▸ WORK TO BE COMPLETED:
Begin at the line containing "VS cute undies" in the data below and go on through the line containing "One-Bedroom Apartment - Photo 3", repeating each line exactly; include both ends and no other line.

▸ GIVEN DATA:

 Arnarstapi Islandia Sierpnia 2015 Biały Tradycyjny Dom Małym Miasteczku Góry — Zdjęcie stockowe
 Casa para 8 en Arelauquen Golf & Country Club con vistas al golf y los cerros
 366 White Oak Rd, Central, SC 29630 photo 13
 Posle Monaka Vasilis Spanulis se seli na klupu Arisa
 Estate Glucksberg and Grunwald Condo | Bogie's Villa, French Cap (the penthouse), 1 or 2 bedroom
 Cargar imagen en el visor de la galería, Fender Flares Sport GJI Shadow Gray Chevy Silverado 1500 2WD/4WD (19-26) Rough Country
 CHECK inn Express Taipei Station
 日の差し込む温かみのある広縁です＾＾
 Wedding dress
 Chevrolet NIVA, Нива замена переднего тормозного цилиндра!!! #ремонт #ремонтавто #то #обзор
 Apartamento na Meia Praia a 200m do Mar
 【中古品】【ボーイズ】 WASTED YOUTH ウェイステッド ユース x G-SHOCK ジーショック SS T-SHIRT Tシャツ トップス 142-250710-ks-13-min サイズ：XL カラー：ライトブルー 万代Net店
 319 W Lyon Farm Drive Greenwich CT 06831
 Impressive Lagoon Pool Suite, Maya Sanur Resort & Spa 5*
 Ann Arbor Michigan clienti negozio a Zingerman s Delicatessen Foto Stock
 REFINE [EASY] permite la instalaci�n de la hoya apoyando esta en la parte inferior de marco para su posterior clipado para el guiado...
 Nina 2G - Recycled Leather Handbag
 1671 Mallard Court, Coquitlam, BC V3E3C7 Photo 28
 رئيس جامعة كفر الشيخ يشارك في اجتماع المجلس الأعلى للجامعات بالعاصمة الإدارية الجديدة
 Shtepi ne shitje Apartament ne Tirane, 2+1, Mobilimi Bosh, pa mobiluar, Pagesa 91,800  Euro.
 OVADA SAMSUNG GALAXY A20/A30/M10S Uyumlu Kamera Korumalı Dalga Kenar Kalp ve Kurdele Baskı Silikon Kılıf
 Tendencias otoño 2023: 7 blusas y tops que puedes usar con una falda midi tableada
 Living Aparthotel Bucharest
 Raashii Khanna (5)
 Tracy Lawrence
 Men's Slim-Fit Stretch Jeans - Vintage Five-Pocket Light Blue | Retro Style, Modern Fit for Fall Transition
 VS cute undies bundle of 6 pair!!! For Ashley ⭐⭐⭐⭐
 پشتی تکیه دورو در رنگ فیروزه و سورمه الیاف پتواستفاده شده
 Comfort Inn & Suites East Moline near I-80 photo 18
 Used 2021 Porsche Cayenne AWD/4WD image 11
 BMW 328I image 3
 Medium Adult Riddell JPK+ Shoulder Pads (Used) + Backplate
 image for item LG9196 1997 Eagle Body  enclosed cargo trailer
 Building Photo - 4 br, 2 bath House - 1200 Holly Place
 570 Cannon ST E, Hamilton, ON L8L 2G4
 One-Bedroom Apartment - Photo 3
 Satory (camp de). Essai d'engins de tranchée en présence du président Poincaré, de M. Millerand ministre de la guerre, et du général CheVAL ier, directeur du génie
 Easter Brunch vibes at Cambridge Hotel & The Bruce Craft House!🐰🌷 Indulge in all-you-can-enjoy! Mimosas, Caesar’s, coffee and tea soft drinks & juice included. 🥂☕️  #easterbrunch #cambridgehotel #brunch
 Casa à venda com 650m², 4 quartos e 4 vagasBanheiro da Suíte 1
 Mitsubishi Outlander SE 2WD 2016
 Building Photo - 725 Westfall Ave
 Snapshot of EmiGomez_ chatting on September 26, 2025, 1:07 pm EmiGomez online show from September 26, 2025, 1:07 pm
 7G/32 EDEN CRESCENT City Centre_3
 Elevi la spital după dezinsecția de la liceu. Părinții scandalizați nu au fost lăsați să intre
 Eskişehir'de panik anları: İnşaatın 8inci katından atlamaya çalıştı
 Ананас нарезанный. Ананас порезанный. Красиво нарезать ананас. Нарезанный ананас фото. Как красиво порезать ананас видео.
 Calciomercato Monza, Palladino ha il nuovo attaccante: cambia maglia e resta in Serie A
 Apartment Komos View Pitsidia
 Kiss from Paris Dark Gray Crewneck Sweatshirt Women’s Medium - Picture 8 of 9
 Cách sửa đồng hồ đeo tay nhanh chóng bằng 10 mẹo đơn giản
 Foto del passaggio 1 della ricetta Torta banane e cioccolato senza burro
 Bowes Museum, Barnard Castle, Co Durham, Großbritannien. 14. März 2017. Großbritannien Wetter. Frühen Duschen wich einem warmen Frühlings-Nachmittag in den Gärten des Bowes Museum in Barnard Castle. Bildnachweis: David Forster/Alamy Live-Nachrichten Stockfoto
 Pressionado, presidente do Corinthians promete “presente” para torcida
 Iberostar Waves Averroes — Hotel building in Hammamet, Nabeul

▸ ANSWER SPACE:
 VS cute undies bundle of 6 pair!!! For Ashley ⭐⭐⭐⭐
 پشتی تکیه دورو در رنگ فیروزه و سورمه الیاف پتواستفاده شده
 Comfort Inn & Suites East Moline near I-80 photo 18
 Used 2021 Porsche Cayenne AWD/4WD image 11
 BMW 328I image 3
 Medium Adult Riddell JPK+ Shoulder Pads (Used) + Backplate
 image for item LG9196 1997 Eagle Body  enclosed cargo trailer
 Building Photo - 4 br, 2 bath House - 1200 Holly Place
 570 Cannon ST E, Hamilton, ON L8L 2G4
 One-Bedroom Apartment - Photo 3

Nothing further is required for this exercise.